# [Data segment]
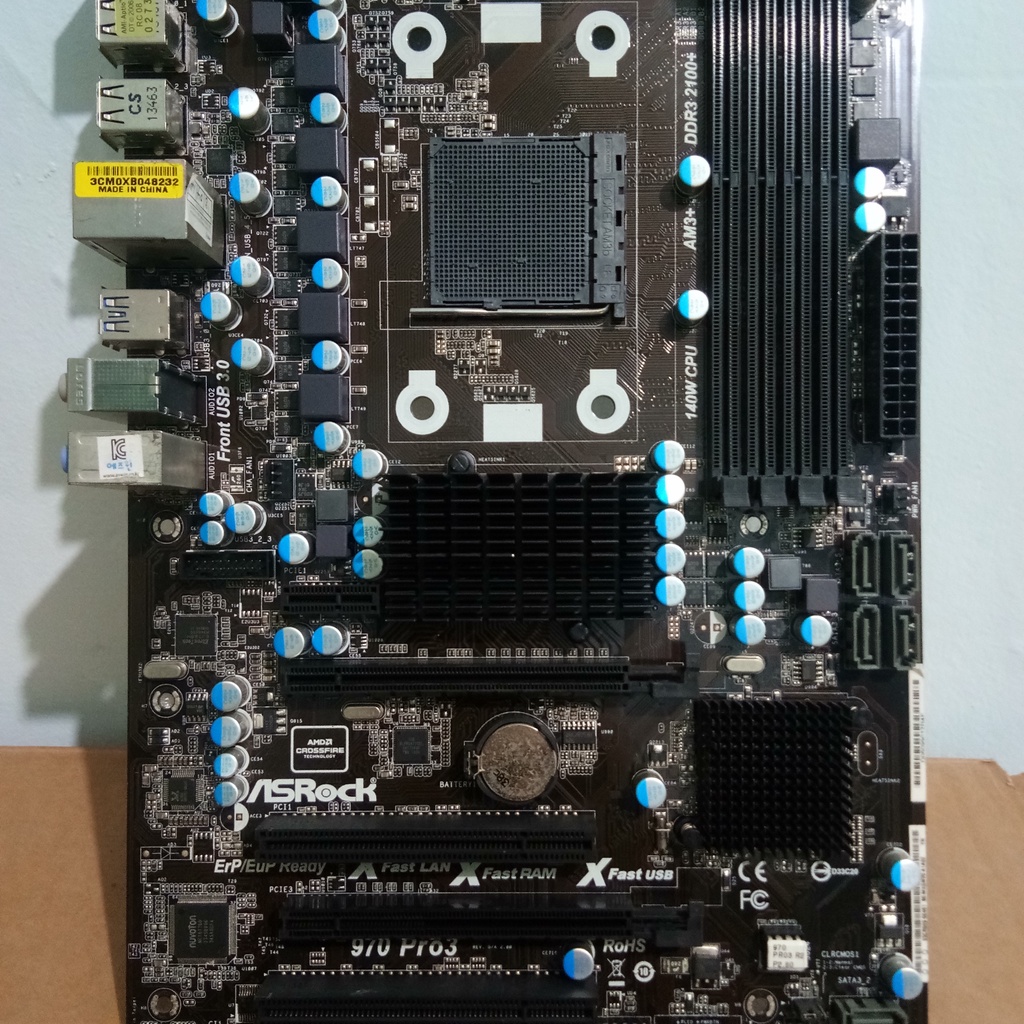 Paket Murah Dapat Quadcore Prosesor Motherboard AM3+ bisa untuk AMD FX seri 8core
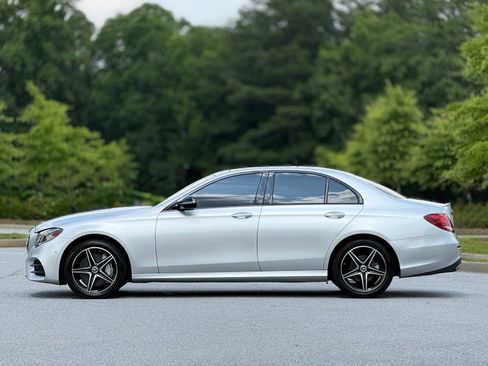 Used 2019 Mercedes-Benz E 300 4MATIC image 9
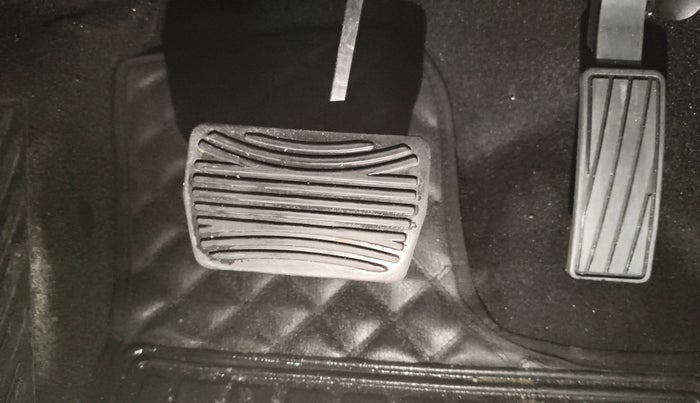 2024 Mahindra XUV700 AX5 Petrol AT 7 STR, Petrol, Automatic, 10,524 km, Pedals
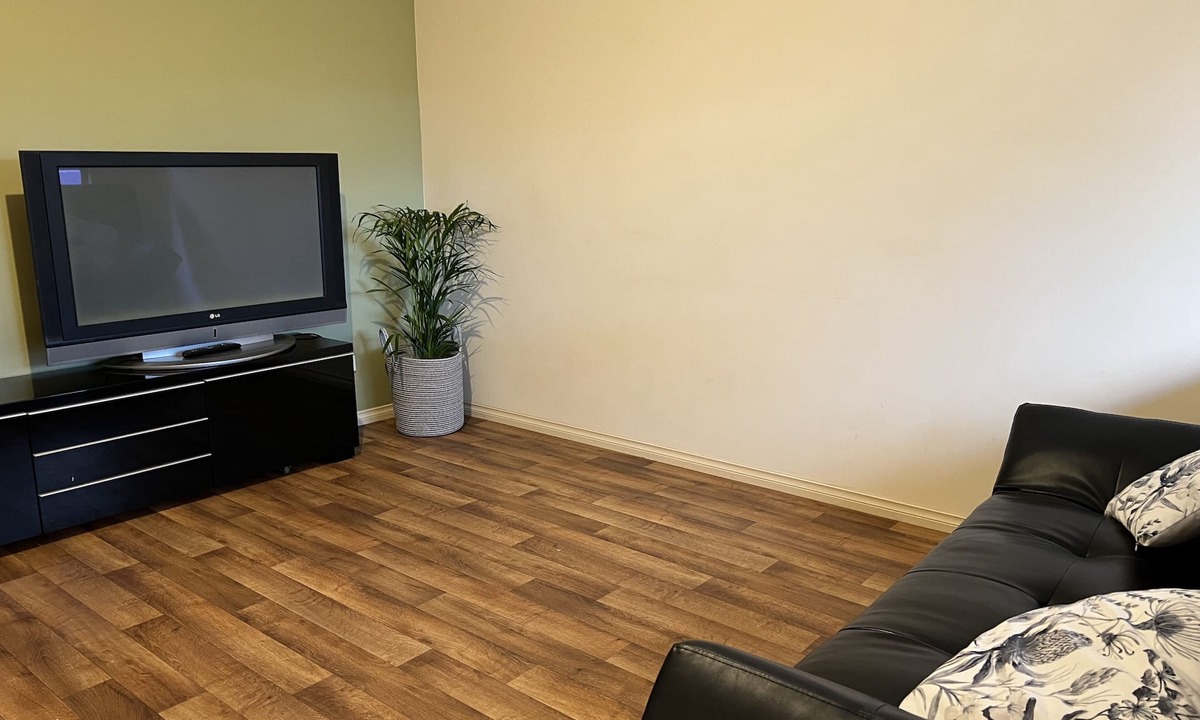 Bookpurnong House | The Palms - Loxton Accommodation, South Australia 4 bedroom 2 bathroom home.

# [The task]
Repeat the listing above word for word, omitting the pictures.

# [Response to the task]
 Paket Murah Dapat Quadcore Prosesor Motherboard AM3+ bisa untuk AMD FX seri 8core
 Used 2019 Mercedes-Benz E 300 4MATIC image 9
 2024 Mahindra XUV700 AX5 Petrol AT 7 STR, Petrol, Automatic, 10,524 km, Pedals
 Bookpurnong House | The Palms - Loxton Accommodation, South Australia 4 bedroom 2 bathroom home.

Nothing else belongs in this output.